- **REQUIRED ACTION**:
Report, from the records below, every line where the word "Canvas" appears.
* * * * *
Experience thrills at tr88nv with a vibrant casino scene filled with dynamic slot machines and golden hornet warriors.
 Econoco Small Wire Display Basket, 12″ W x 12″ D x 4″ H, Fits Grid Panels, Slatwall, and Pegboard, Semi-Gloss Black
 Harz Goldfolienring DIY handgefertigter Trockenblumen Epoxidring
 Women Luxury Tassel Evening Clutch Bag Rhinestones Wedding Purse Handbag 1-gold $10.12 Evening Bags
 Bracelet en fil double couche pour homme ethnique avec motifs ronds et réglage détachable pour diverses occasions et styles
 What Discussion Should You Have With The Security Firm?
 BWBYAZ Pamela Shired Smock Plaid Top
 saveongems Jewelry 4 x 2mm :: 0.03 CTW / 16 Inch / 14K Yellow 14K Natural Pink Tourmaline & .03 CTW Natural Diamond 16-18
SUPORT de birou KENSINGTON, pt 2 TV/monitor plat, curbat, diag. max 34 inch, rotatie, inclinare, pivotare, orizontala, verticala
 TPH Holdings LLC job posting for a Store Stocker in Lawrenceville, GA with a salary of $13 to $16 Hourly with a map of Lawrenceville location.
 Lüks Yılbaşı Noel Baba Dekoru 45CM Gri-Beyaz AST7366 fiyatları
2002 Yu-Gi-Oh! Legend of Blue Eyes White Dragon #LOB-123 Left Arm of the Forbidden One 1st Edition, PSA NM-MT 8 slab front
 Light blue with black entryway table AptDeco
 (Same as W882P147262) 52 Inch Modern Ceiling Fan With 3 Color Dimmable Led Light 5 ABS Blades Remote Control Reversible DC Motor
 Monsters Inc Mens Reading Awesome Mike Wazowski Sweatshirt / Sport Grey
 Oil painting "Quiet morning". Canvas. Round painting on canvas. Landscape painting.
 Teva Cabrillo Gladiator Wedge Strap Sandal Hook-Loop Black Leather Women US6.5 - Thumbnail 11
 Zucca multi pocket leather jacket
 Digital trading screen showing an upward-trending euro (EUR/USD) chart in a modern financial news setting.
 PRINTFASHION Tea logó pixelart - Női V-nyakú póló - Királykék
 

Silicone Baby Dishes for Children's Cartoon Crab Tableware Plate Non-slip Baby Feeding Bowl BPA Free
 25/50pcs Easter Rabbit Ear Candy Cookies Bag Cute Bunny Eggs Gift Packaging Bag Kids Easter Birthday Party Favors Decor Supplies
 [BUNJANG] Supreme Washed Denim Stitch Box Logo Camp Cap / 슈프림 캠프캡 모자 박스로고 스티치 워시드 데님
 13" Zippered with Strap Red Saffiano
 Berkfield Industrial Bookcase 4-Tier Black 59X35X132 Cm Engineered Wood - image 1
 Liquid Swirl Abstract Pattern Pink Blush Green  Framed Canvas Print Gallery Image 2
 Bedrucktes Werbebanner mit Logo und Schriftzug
* * * * *
- **ANSWER**:
 Oil painting "Quiet morning". Canvas. Round painting on canvas. Landscape painting.
 Liquid Swirl Abstract Pattern Pink Blush Green  Framed Canvas Print Gallery Image 2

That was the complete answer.